Llega la fecha marcada en el calendario. Puede ser junio, julio o agosto, pero lo que está claro es que el campamento sigue siendo una fecha inexcusable para un scout.

La pañoleta espera en la entrada. La mochila, un poco más allá, aguarda también, ansiosa por vivir las aventuras que tocarán ese año.

Y es que mereció la pena quedarse ayer hasta tarde haciéndola con tal de arañar unos minutos al reloj esa mañana.

Chanclas, toalla, las botas, la crema, el plato,  cubiertos…

Y hacerla cada año sigue sin servirnos para evitar que nos dejemos algo cada verano.

Muchos de vosotros volvéis al campamento, a montarlo o a empezar allí la historia diferente de cada verano.

Y es que irse quince días al campo, sin nada, sigue teniendo ese “no se qué” que a los scouts gusta tanto.

¿Será la capacidad de autosuficiencia? ¿Serán las experiencias lejos del núcleo familiar? Nunca lo tuve muy claro.

El caso es que nos recorremos cien, doscientos, trescientos o los kilómetros que sean para estar de nuevo allí trabajando y disfrutando mano a mano con los que nos acompañaron durante la ronda.
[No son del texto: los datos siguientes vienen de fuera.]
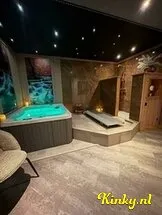 salon261-kamerverhuur-privehuis-in-alphen-aan-den-rijn-685abd6d43e4b90013870a24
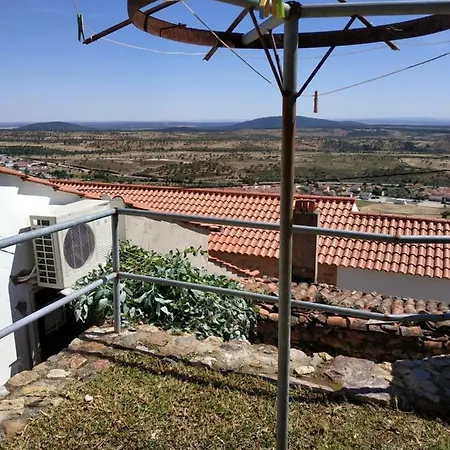 Casa Do Alecrim Сasa de vacaciones Penha Garcia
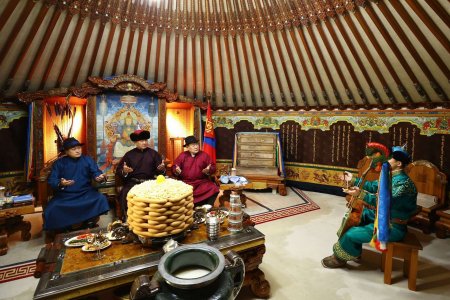 Монгол Улсын Ерөнхийлөгч У.Хүрэлсүх Есөн хөлт цагаан туганд хүндэтгэл үзүүлж, Төрийн золголт хийв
Y no creáis que esto, con la edad, se va curando. Para nada.

Las ganas siguen creciendo como la primera vez que se fue lobato y uno se coge veinte trenes y dos buses para poder “catar” tres días de montaje.

Pero esa es la magia de todo, ¿No?

Dar la patada a la “im” de imposible y crear vida en un prado en el que antes poco había, echando las horas que hagan falta.

Si la pañoleta espera de nuevo en la entrada será buena señal; será que aun nos quedan razones para creer.